Daughters of the Vicar

Daughters of the Vicar Analysis

This novel finds its cast at a painful crossroads. As formerly stationed clergymen, the family have a strange problem facing them. They cannot let on how poor they are, nor can they ask for assistance, because there are difficulties facing them as they adjust to their church, and it would be uncouth to tell the church to give them more money. They struggle silently and the marriage is strained under the weight of this confusing situation. It is certainly not the life they expected for doing the right thing.

It is that thematic idea that the Daughters' story revolves around. The two girls are basically foils. They are similar enough in age and interests that they have always been close friends and close siblings in their very large family. Their religious beliefs make their home very full of children, so full that the novelist does not even stop to count them all. In that plurality of children, two girls stand out as eligible players in a drama that spells out the theme of the novel.

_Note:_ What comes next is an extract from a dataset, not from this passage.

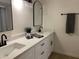 Stylish bathroom with double vanity, modern fixtures, and a sleek mirror at 1745 E Glade Ave, Mesa, AZ 85204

The family is constantly doing what seems virtuous, but the vicar's wife is constantly pestering her husband to do what it expedient, not what is seemly. The disagreement highlights two different kinds of morality. Mary follows the father's duty-oriented, honor-based morality, doing what she perceives to be best for her family. Louisa sees that play out for her elder sibling and decides to swear against it. As siblings so often do, Louisa picks the alternative route in life, falling in love for her own emotional happiness. Together, they demonstrate paradoxical types of morality.